Opinion 23-88

 

September 7, 2023

 

Digest:  (1) A full-time judge who is, along with their siblings, a beneficiary of their parent’s estate may (a) assist the sibling who is serving as executor in selecting an attorney for the estate; (b) review documents relating to the estate and the probate proceedings; (c) discuss the estate and the proceedings with the other sibling beneficiaries; and (d) provide free legal advice to their siblings, including the executor, regarding the estate and the proceedings.  However, the judge may not represent their siblings or the estate, nor participate in meetings with estate counsel.
(2) Where the judge, as beneficiary, has a direct personal interest in the estate proceeding, the judge must disqualify in all matters involving the attorney for the estate, both during the representation and for a period of two years from its termination.

 

Rules:   22 NYCRR 100.0(I); 100.2; 100.2(A); 100.2(C); 100.4(G); Opinions 20-27; 18-120; 18-32; 17-76; 17-67; 14-89.

 

Opinion:

 

          The inquiring full-time judge and their siblings are beneficiaries of their late parent’s estate.  One sibling is serving as executor of the estate.[1]  The judge asks if it is ethically permissible to assist their sibling/estate executor in selecting an attorney for the estate; review documents relating to the estate and the probate proceedings; discuss the estate and the proceedings with the other sibling beneficiaries; and provide free legal advice to the judge’s siblings, including the executor, regarding the estate and the proceedings.  The judge also asks if they must disqualify from other matters involving the attorney for the estate, and if so, for what period of time.

 

          A judge must always avoid even the appearance of impropriety (see 22 NYCRR 100.2) and must always act to promote public confidence in the judiciary’s integrity and impartiality (see 22 NYCRR 100.2[A]).  Thus, a judge may not lend judicial prestige to advance any private interests (see 22 NYCRR 100.2[C]).  Also, a full-time judge “shall not practice law [but] may, without compensation, give legal advice to a member of the judge’s family” (22 NYCRR 100.4[G]).[2] 

 

          We have advised that, while a full-time judge may “retain or assist in retaining an attorney for adult relatives...and may continue to provide informal legal advice directly to those relatives,” the judge “may not discuss or strategize about the matters directly with retained counsel” as doing so “constitutes the impermissible practice of law and/or creates the appearance” that the judge is “serving as co-counsel” (Opinion 18-120).  We have further advised that the judge may not “be present in person, by telephone or otherwise, during the relatives’ meeting” with their retained counsel (see id.).

 

          Therefore, while this judge may not serve as counsel for the estate or their siblings, and must not participate in meetings with estate counsel, the judge may otherwise assist in the selection of the attorney for the estate, review documents concerning the estate and probate proceedings, and provide uncompensated legal advice regarding such matters to their siblings, including the executor sibling.

 

          As for disqualification, the usual rule is that “a judge is disqualified, subject to remittal, when an attorney representing the judge’s first or second-degree relative appears before the judge,” and disclosure is required for a two-year period after the representation concludes (Opinion 18-32).  But where the judge has a personal interest in that legal matter, we have said “the judge should proceed with [their] disqualification obligations as if the judge had retained counsel” personally (id.).  In such instances, the judge must continue to disqualify for the two-year period after conclusion of the representation (see Opinions 17-76; 17-67).

 

          Here, the inquiring judge is an estate beneficiary and therefore has a personal interest in the probate proceedings, even though it is the judge’s sibling, and not the judge, who is serving as executor.  On these facts, we conclude the judge must disqualify from any matters involving the attorney who represents the judge’s parent’s estate, both during the representation and for two years after the representation ends.

 



[1] The inquiring judge was apparently named as a co-executor, but declined to serve.

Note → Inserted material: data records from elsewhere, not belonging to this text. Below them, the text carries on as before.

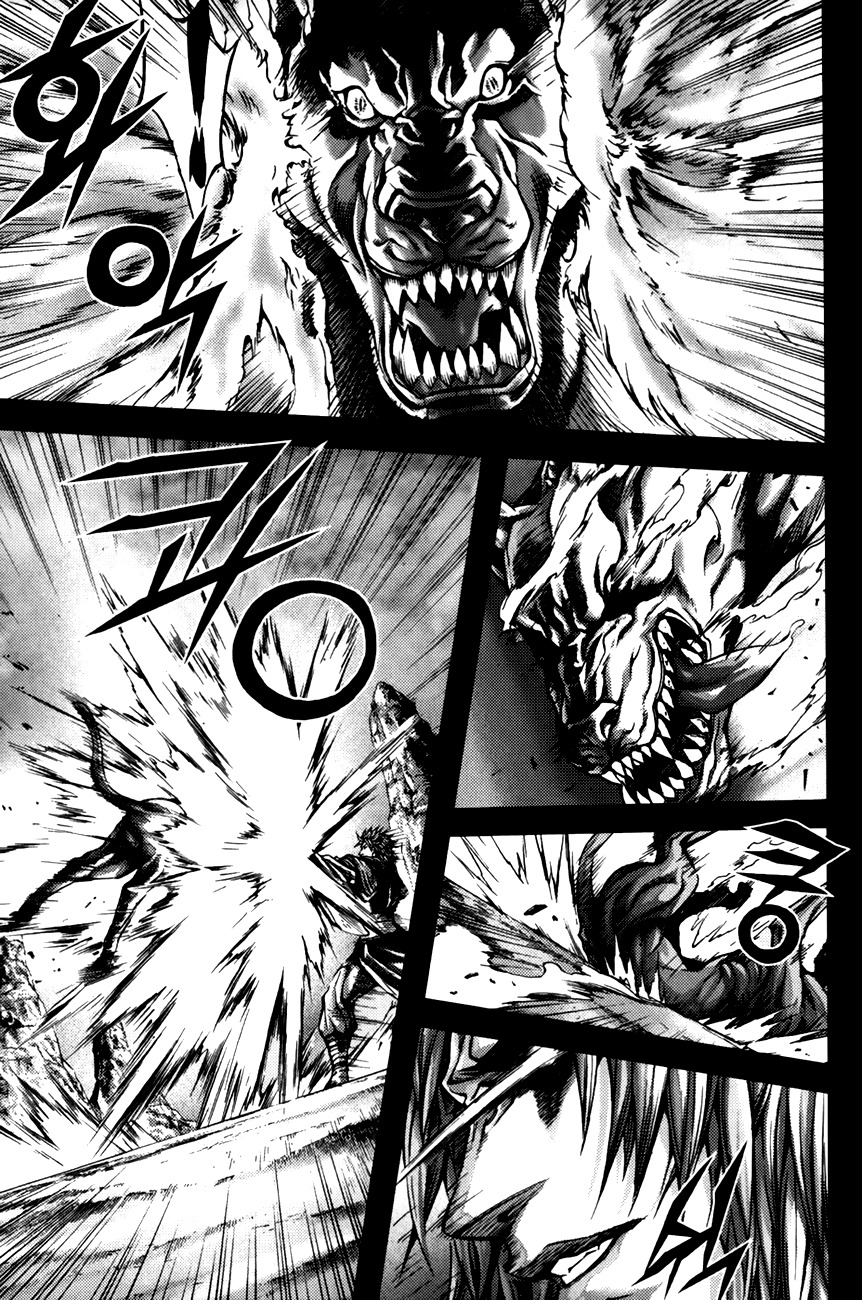 King of Hell Chapter 237 page 3 - Chapter 237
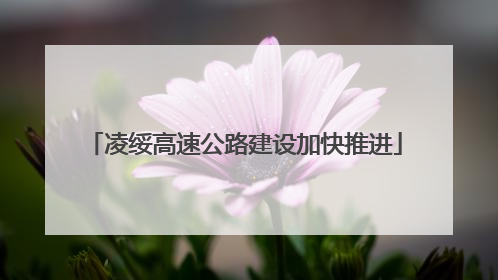 凌绥高速公路建设加快推进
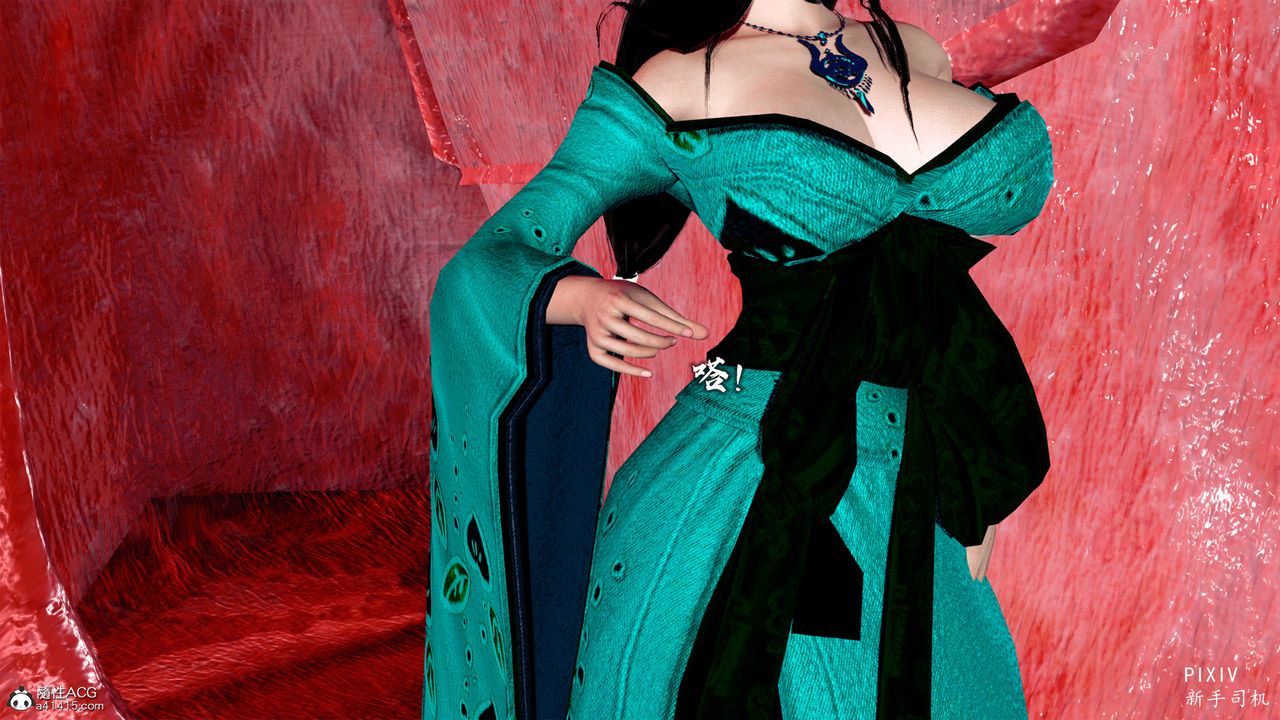 [3D]嘻油纪第03话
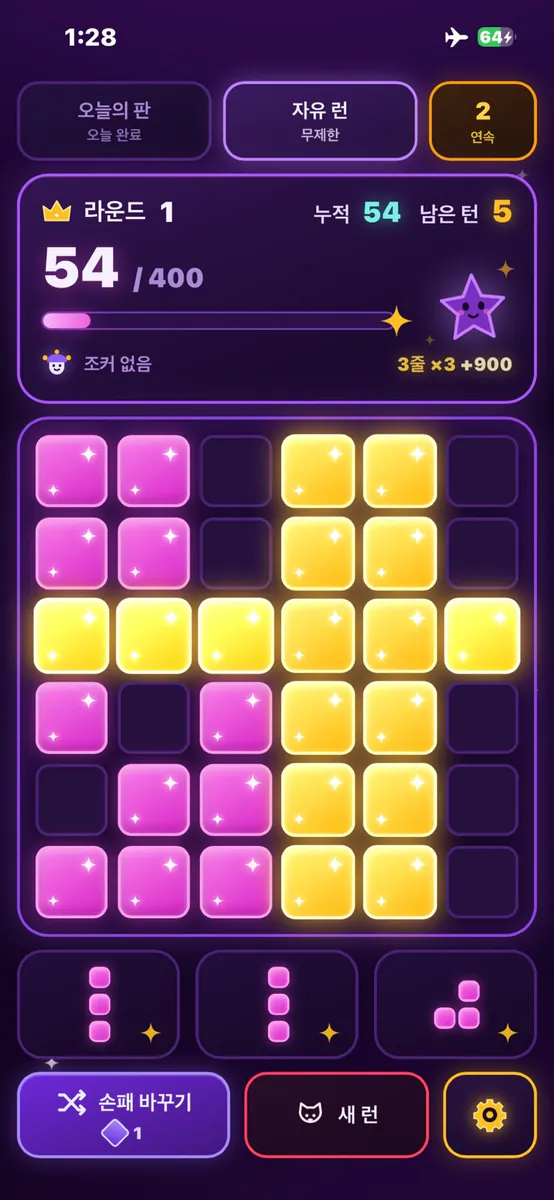 루미넬 App Store 공개 화면 1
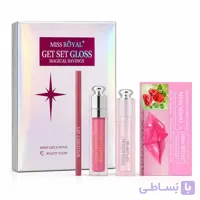 ست سه تکه آرایش لب میس رویال (خط لب، لیپ گلاس و بالم لب)
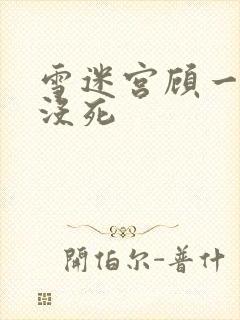 雪迷宫顾一燃死没死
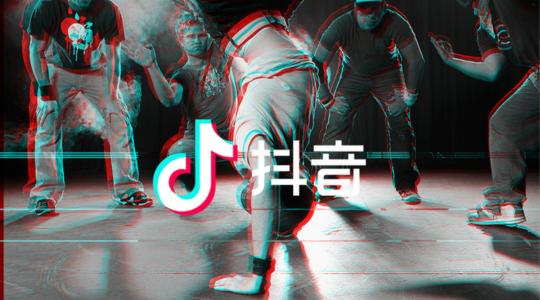 抖音中将官方小助手屏蔽的具体流程介绍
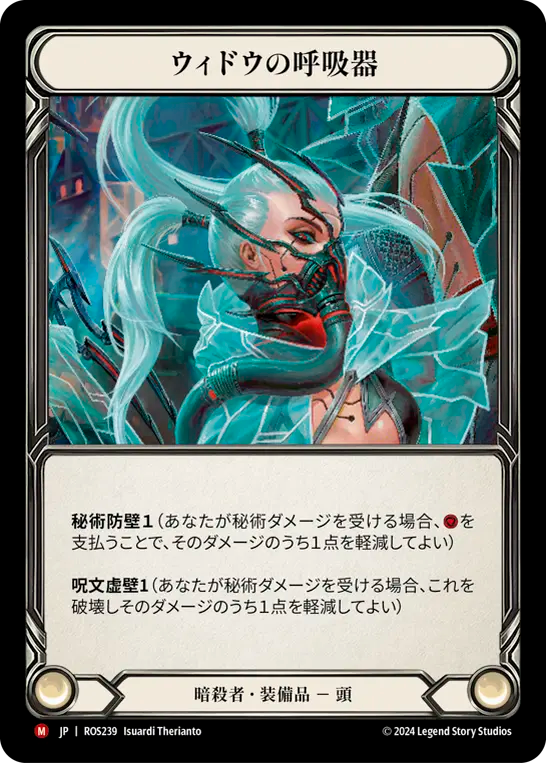 ウィドウの呼吸器 ROS239 M [ROS/standard]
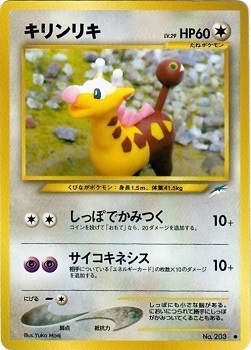 Girafarig Card Front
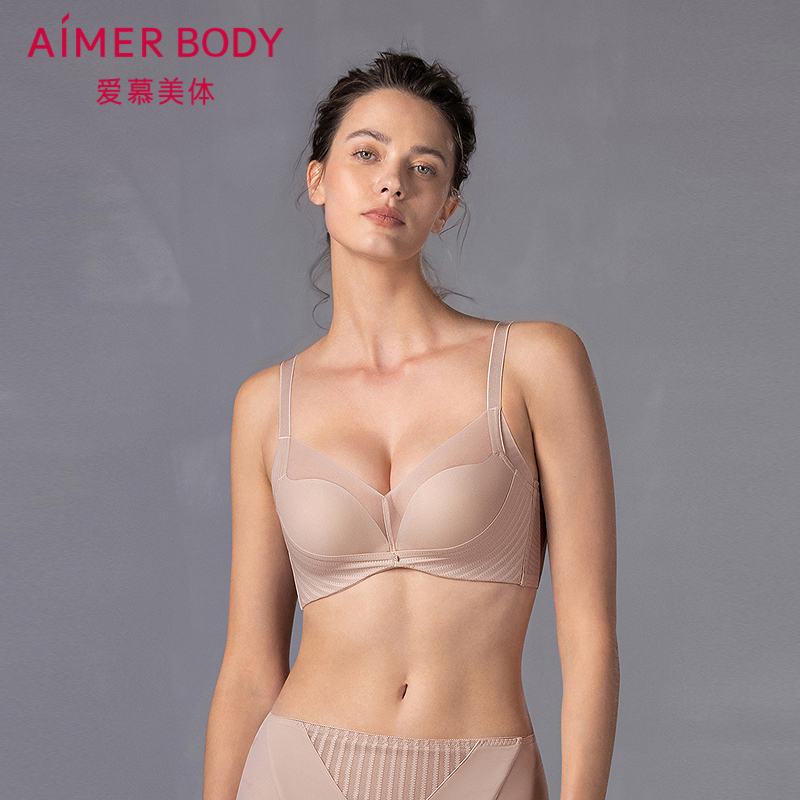 爱慕美体妙简条纹内衣女水袋模杯厚小胸聚拢塑性文胸25夏AD140571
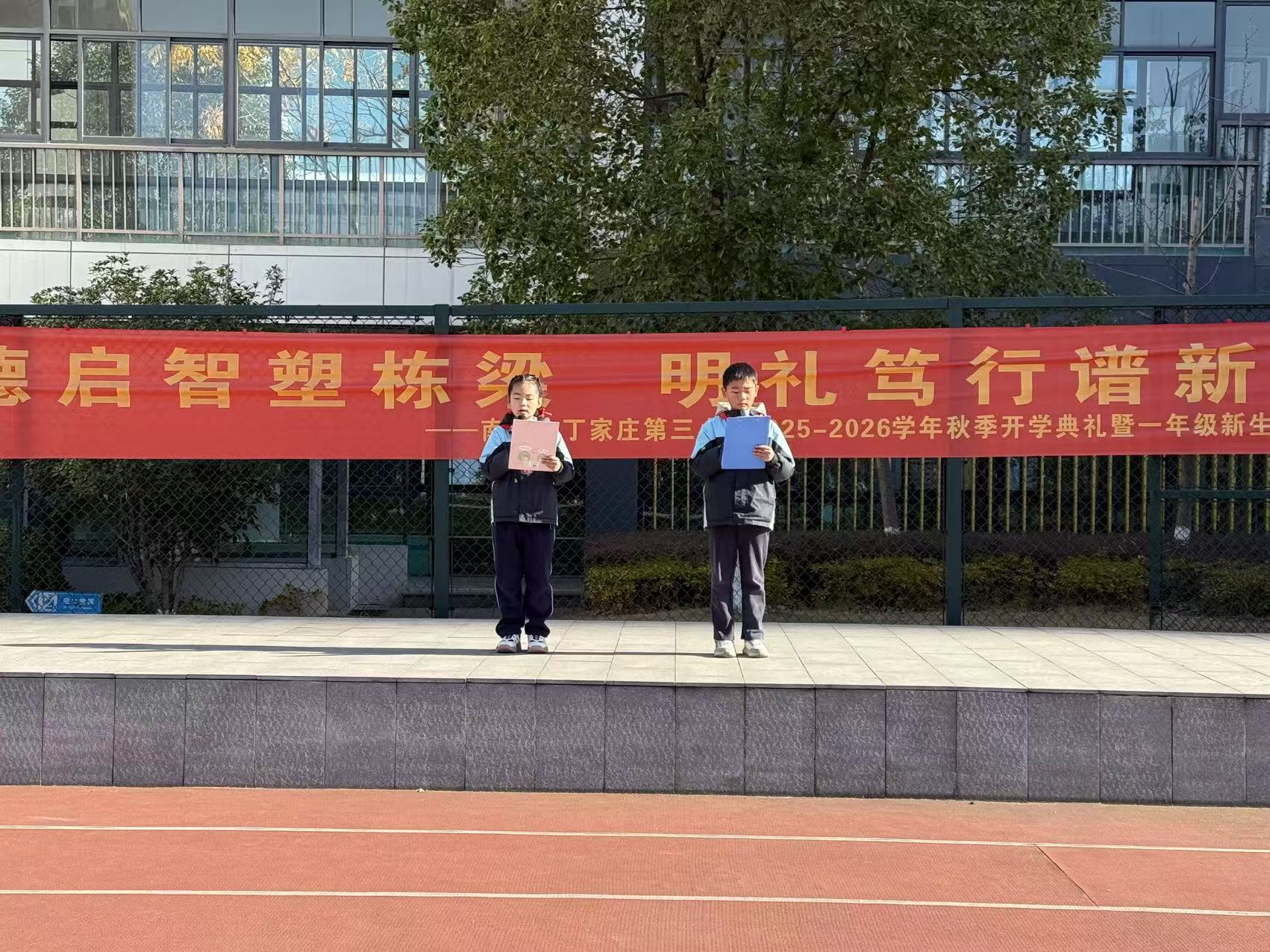 【正学丁三·德育】冬至暖校园,传承润童心——南京市丁家庄第三小学第16周冬至节气主题升旗仪式_html_m1435ffe0.jpg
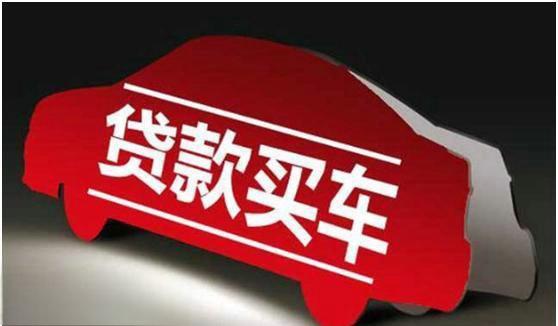 贷款购车贷款办不下来怎么办？-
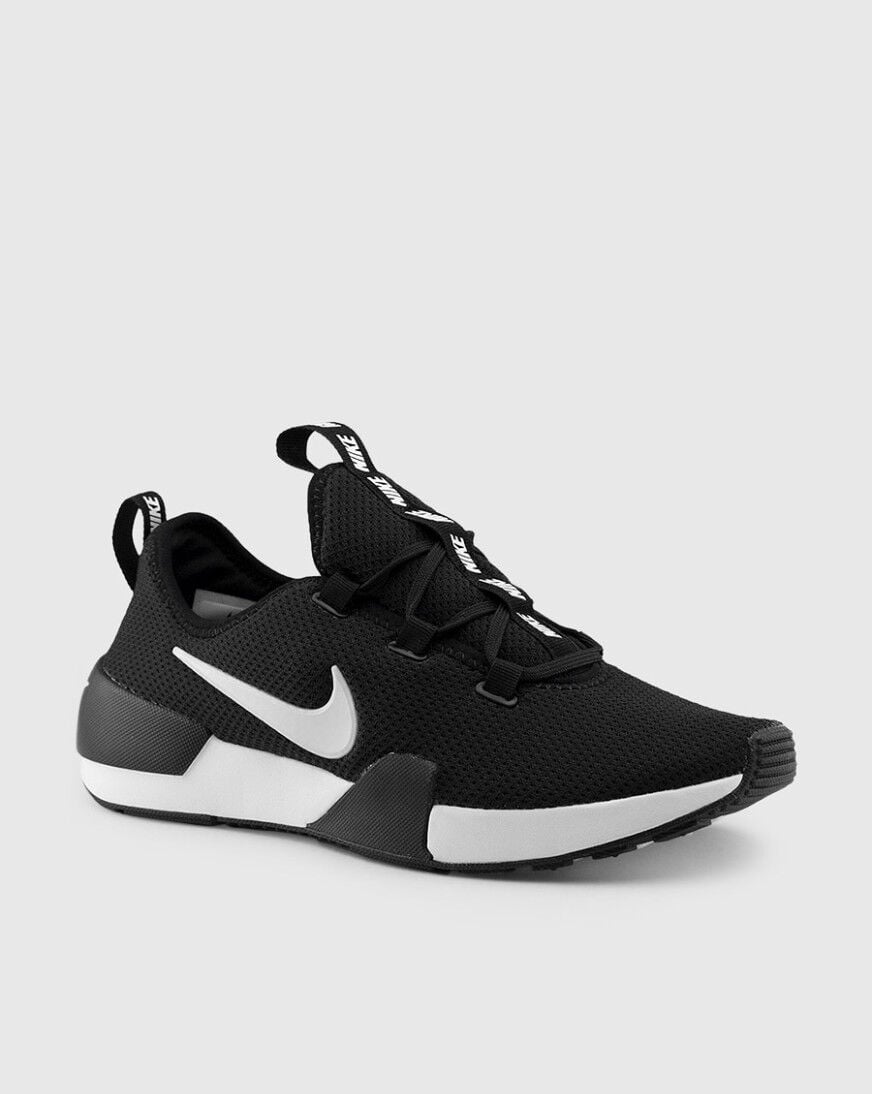 nike ashin modern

[2] “Member of the judge’s family” is defined as “a spouse, child, grandchild, parent, grandparent or other relative or person with whom the judge maintains a close familial relationship” (22 NYCRR 100.0[I]).  We have applied “an intuitive, common-sense understanding of the phrase to presumptively include” all relatives within the sixth degree of relationship rather than requiring a judge to “affirmatively establish” that the judge maintains a close familial relationship with siblings, first cousins, and the like (Opinions 20-27; 14-89).